China’s claims to the South China Sea are incompatible with those of its neighbours. Source: Wikimedia
Hanoi has accused Beijing of violating its sovereignty by landing an aircraft on a runway built on an artificial island in the contested South China Sea.
Foreign ministry spokesman Le Hai Binh said the airfield had been “built illegally” on Fiery Cross Reef in “part of Vietnam’s Spratlys”.
Beijing’s foreign ministry rejected the complaint, saying that the test flight to the new airfield on the reef was “completely within China’s sovereignty”, the state news agency Xinhua reported.
Washington expressed fears that the flight had exacerbated tensions.
The US has criticised China’s construction of artificial islands in the sea and asks if China plans to use them for military purposes, something that Beijing denies.
Pooja Jhunjhunwala, a spokeswoman for the US State Department, said there was “a pressing need for claimants to publicly commit to a reciprocal halt to further land reclamation, construction of new facilities, and militarisation of disputed features”.
“We encourage all claimants to actively reduce tensions by refraining from unilateral actions that undermine regional stability, and taking steps to create space for meaningful diplomatic solutions to emerge,” she said.
John McCain, the chairman of the US Senate Armed Services Committee, said the Obama administration was allowing Beijing to continue to “pursue its territorial ambitions” by delaying “freedom of navigation” patrols in the South China Sea.
Chinese foreign ministry spokeswoman Hua Chunying said China used a civil aircraft to conduct the flight to test whether the airfield facilities met civil aviation standards.
“China has indisputable sovereignty over the Nansha Islands and their adjacent waters. China will not accept the unfounded accusation from the Vietnamese side,” she said, using the Spratlys’ Chinese name.
Hua added that Beijing hoped Hanoi would work to achieve “sustainable, healthy and stable” development of bilateral ties.
Hanoi’s foreign ministry said it had handed a formal complaint to the Chinese embassy and asked that the act would not be repeated.
It called the flight “a serious infringement of the sovereignty of Vietnam on the Spratly archipelago”.
China claims almost all the South China Sea, which is believed to have huge deposits of oil and gas, and through which about US$5 trillion in goods pass annually.
Last year it built an airfield on Fiery Cross Reef, or Yongshu Jiao to the Chinese, that is thought to be long enough to accommodate most Chinese military aircraft.
Brunei, Malaysia, the Philippines, Indonesia and Taiwan also have conflicting claims with China to the South China Sea.
Tokyo and Manila joined Hanoi in expressing anger at Beijing after the Chinese plane landed.

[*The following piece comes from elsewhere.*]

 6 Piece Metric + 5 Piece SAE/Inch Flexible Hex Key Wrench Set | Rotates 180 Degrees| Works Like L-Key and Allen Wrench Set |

The flight at Fiery Cross Reef in the Spratly Islands “adds to tension and uncertainties in the region”, said Charles Jose, spokesman for the Department of Foreign Affairs in Manila.
Manila was considering taking further action against China’s action, the spokesman said.
Kyodo news agency reported that Fumio Kishida, Japanese foreign minister, said the flight was an attempt by China to make its island-building “a fait accompli”.
“Japan is gravely concerned about China’s act, which is a unilateral change of the status quo,” Kishida said.